## ASSIGNMENT
Return the material below exactly, but only from the line with "Frankenthaler cover" through the line with "2023 Kia Sportage", and without its pictures.

## EXERCISE DATA
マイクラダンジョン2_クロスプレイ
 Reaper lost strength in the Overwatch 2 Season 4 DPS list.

==

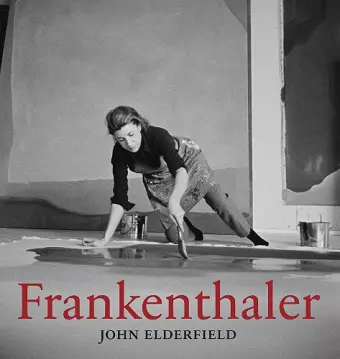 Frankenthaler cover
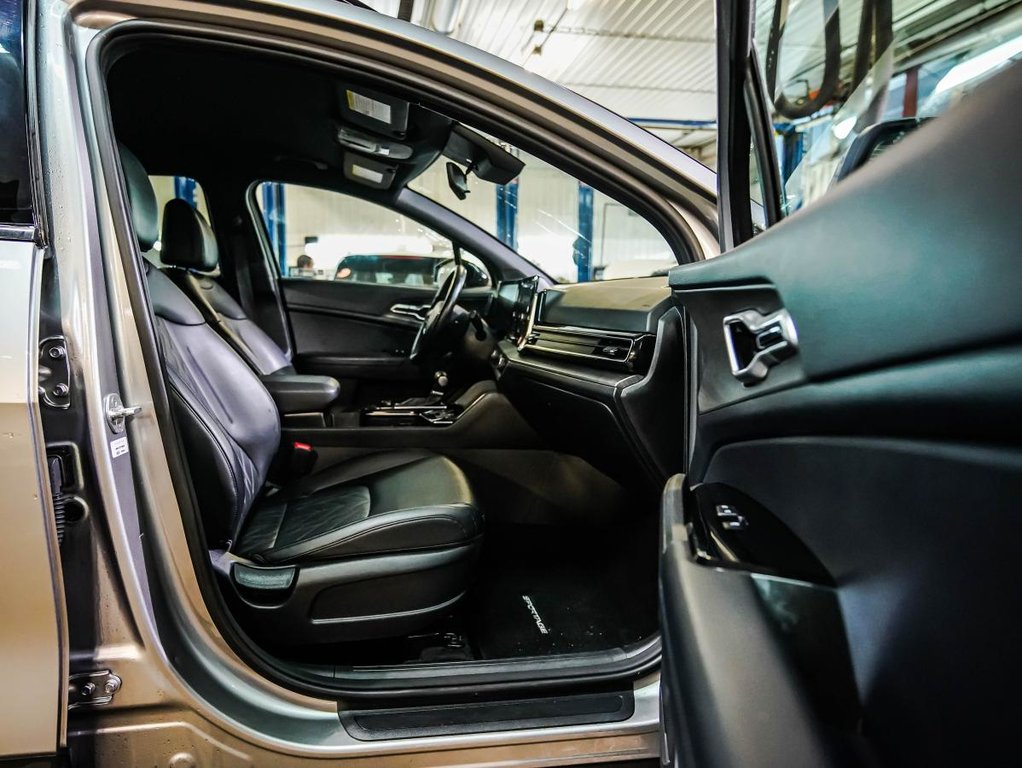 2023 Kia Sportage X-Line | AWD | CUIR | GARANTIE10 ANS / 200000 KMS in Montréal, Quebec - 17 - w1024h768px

## TASK ANSWER
 Frankenthaler cover
 2023 Kia Sportage X-Line | AWD | CUIR | GARANTIE10 ANS / 200000 KMS in Montréal, Quebec - 17 - w1024h768px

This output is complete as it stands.